YOUR ASSIGNMENT | Pictures should not appear in the copy; the records themselves must be written out exactly.

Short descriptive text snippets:
* * * * * * * * *

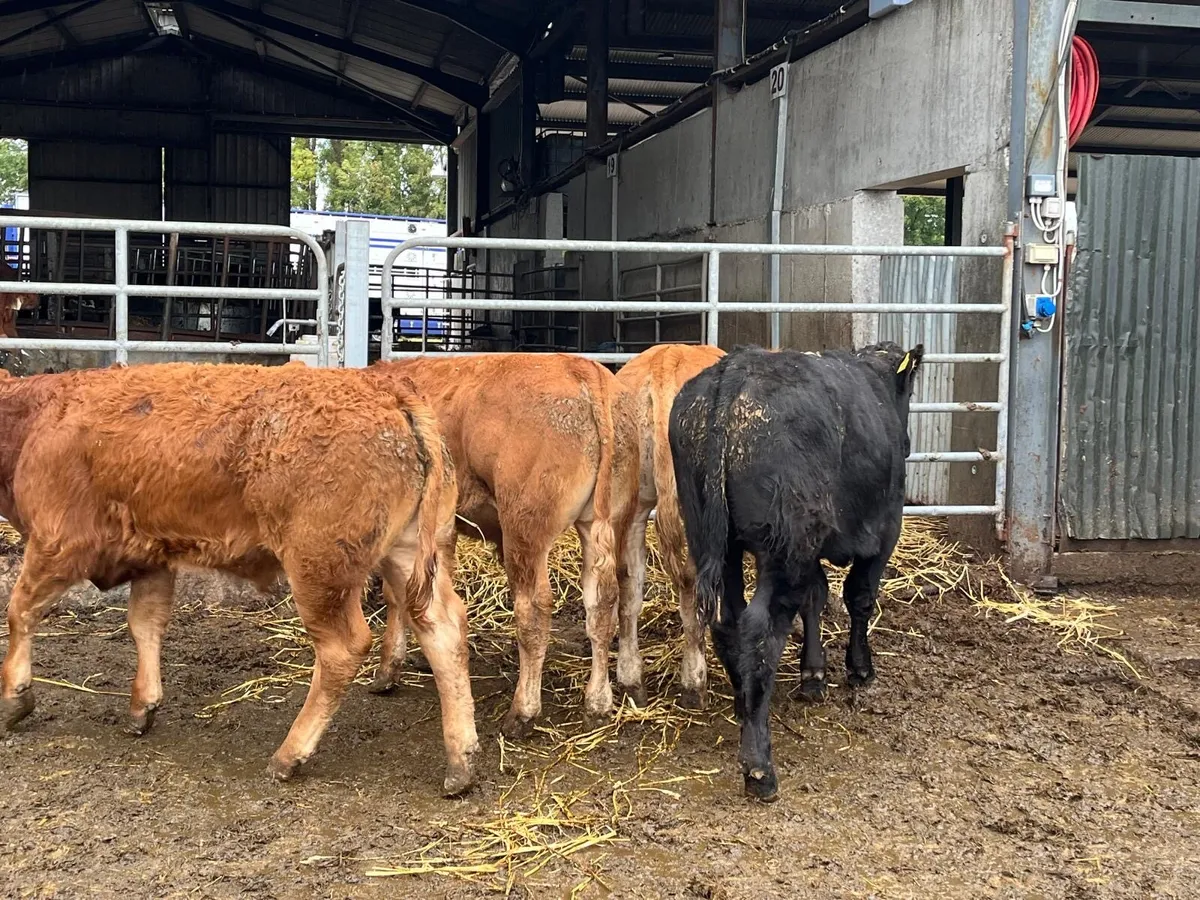 8 u grade limosin 330 kg bulls - Image 1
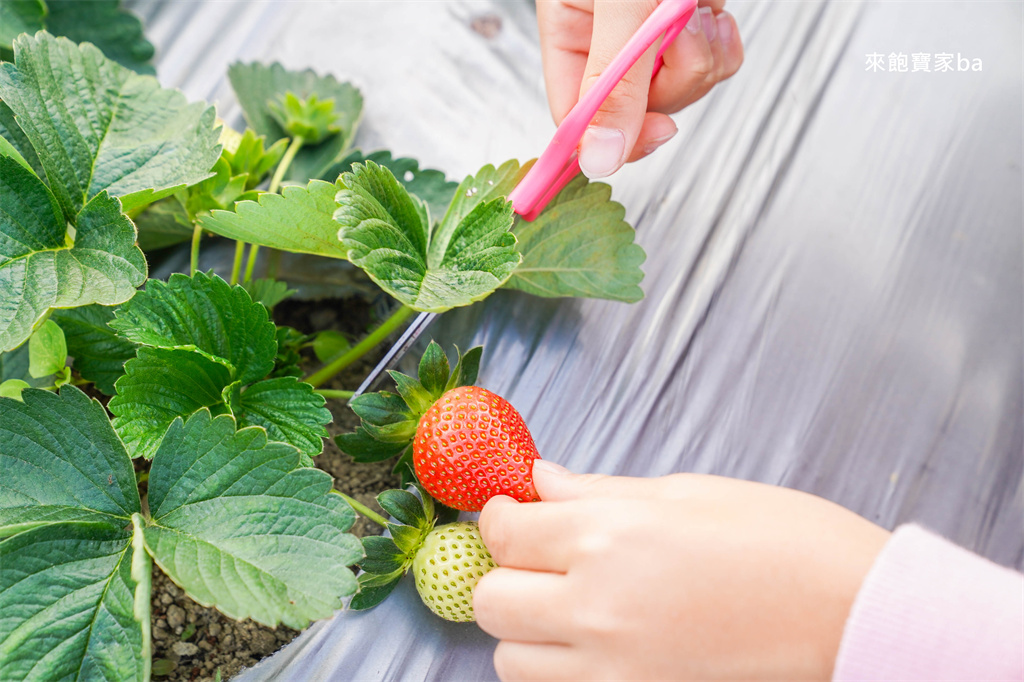 台中採草莓【福德爺草莓園】潭子高架跟地面草莓，享受採果樂趣，停車方便、環境乾淨，鄰近草莓世界！ @來飽寶家ba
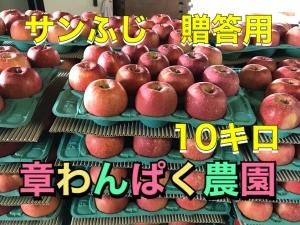 <img class='new_mark_img1' src='https://img.shop-pro.jp/img/new/icons61.gif' style='border:none;display:inline;margin:0px;padding:0px;width:auto;' />դ2L10£ѡˡR03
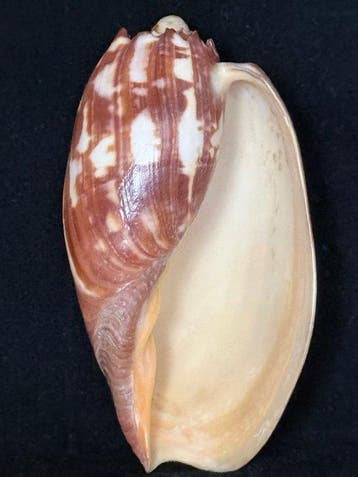 Zeeslak Zeeschelp - S-589 MELO AMPHORA (Zonder minimumprijs)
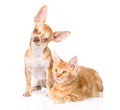 Tiny chihuahua puppy and maine coon cat together. isolated on white background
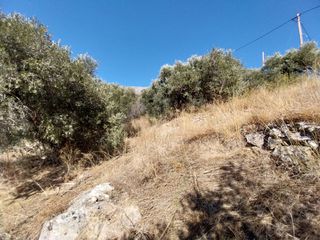 Οικόπεδο 664 τ.μ. για πώληση, Ν. Ρεθύμνου, Φοινίκας-thumb-6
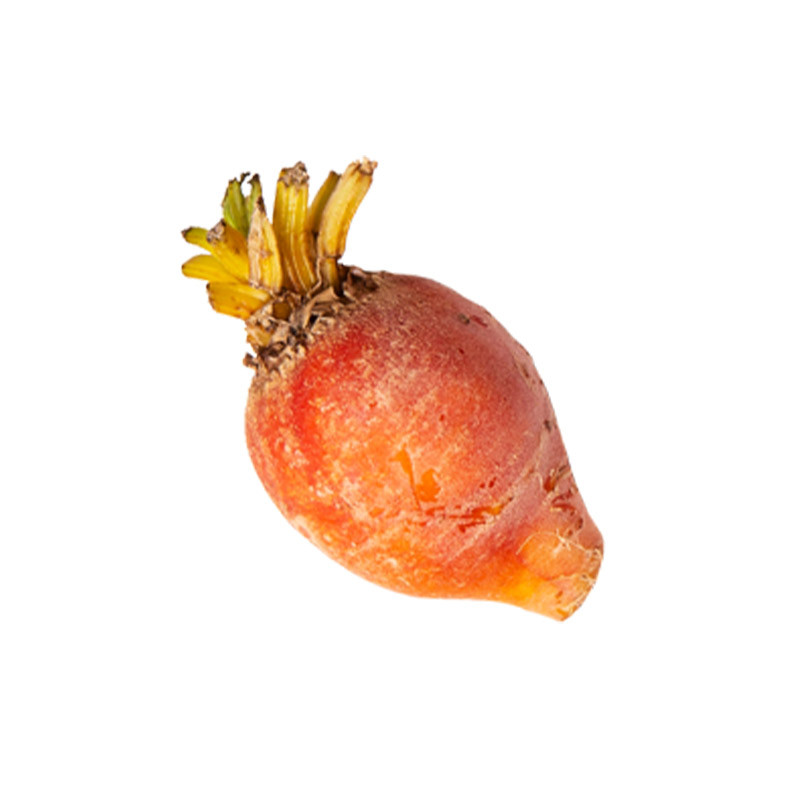 Baby Golden Yukon Beetroot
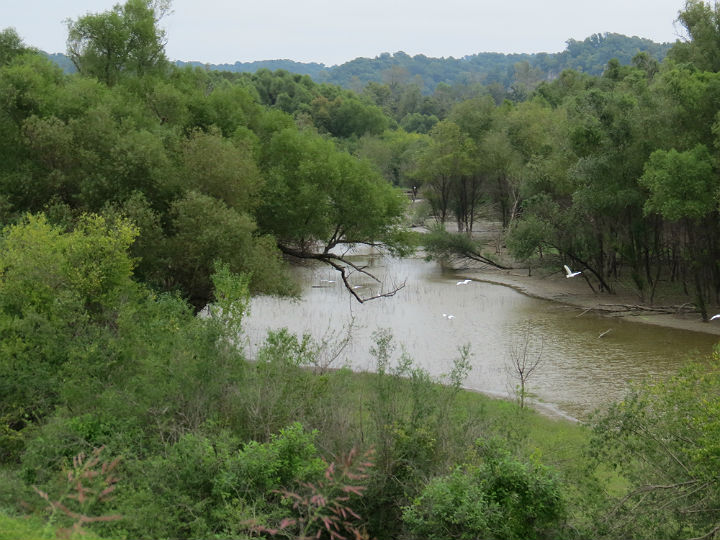 Big Muddy River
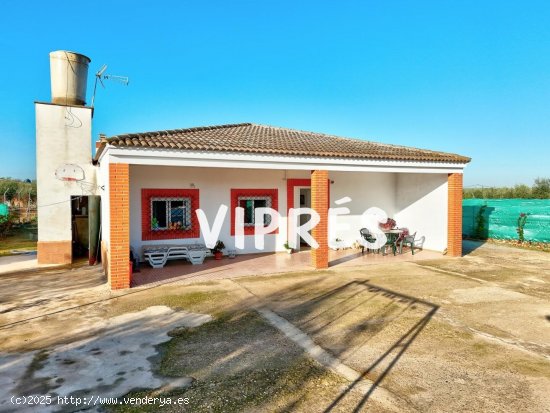 Casa en venta en Guareña (Badajoz)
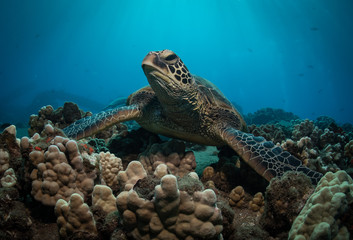 Hawaiian Green Sea turtle on a coral reef in Maui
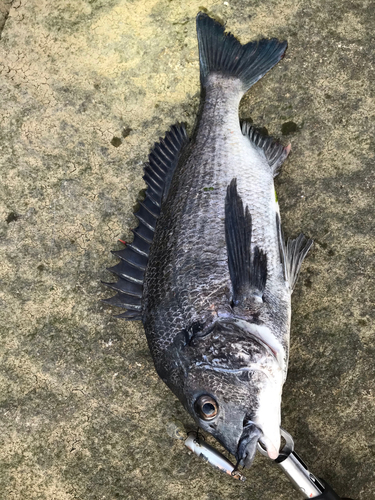 クロダイの釣果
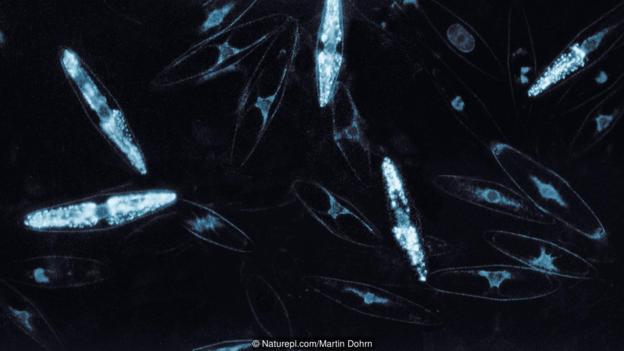 这种微型生物是海洋表面生物发光的最普通来源。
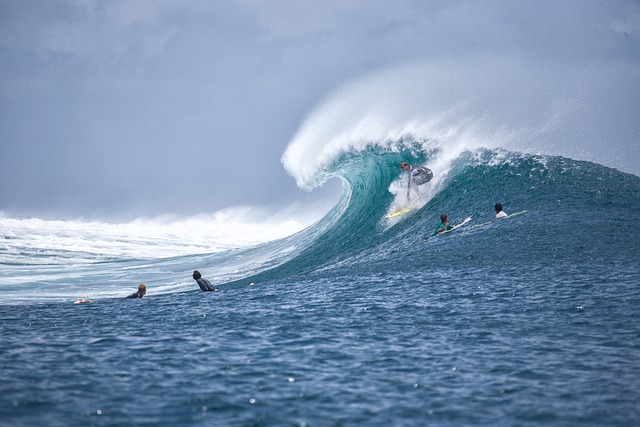 compétition surf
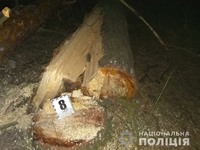 Лебединські поліцейські викрили чоловіка, який здійснив незаконний поруб лісу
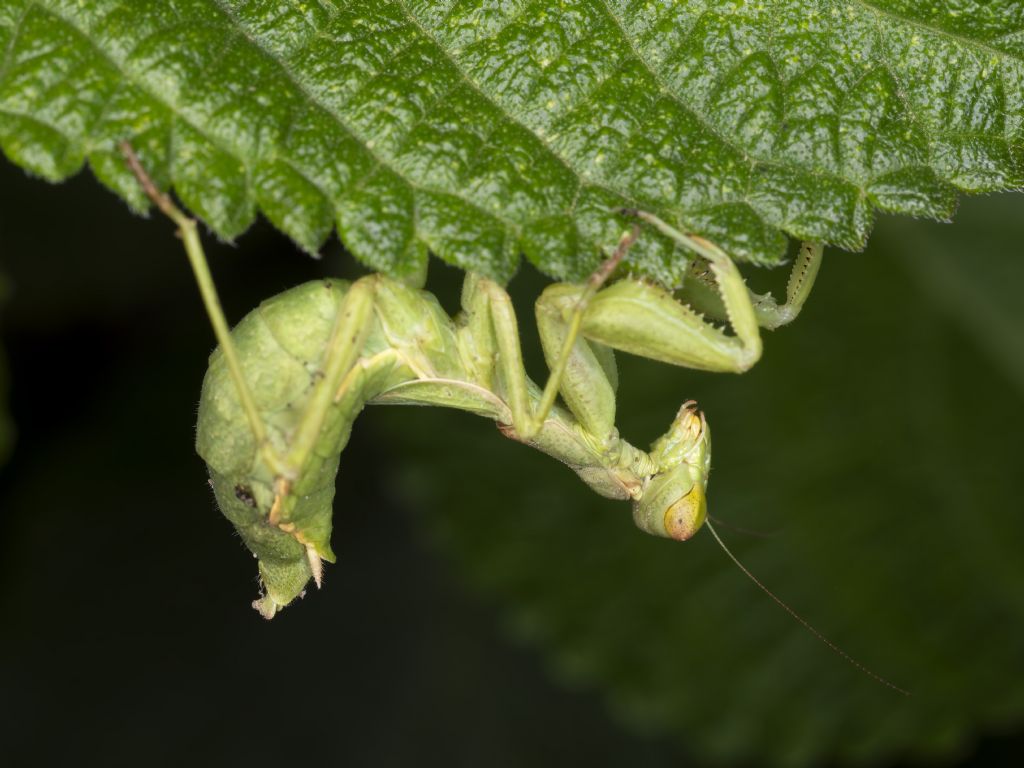 Ameles spallanzania?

* * * * * * * * *

EXERCISE SOLUTION |
 8 u grade limosin 330 kg bulls - Image 1
 台中採草莓【福德爺草莓園】潭子高架跟地面草莓，享受採果樂趣，停車方便、環境乾淨，鄰近草莓世界！ @來飽寶家ba
 <img class='new_mark_img1' src='https://img.shop-pro.jp/img/new/icons61.gif' style='border:none;display:inline;margin:0px;padding:0px;width:auto;' />դ2L10£ѡˡR03
 Zeeslak Zeeschelp - S-589 MELO AMPHORA (Zonder minimumprijs)
 Tiny chihuahua puppy and maine coon cat together. isolated on white background
 Οικόπεδο 664 τ.μ. για πώληση, Ν. Ρεθύμνου, Φοινίκας-thumb-6
 Baby Golden Yukon Beetroot
 Big Muddy River
 Casa en venta en Guareña (Badajoz)
 Hawaiian Green Sea turtle on a coral reef in Maui
 クロダイの釣果
 这种微型生物是海洋表面生物发光的最普通来源。
 compétition surf
 Лебединські поліцейські викрили чоловіка, який здійснив незаконний поруб лісу
 Ameles spallanzania?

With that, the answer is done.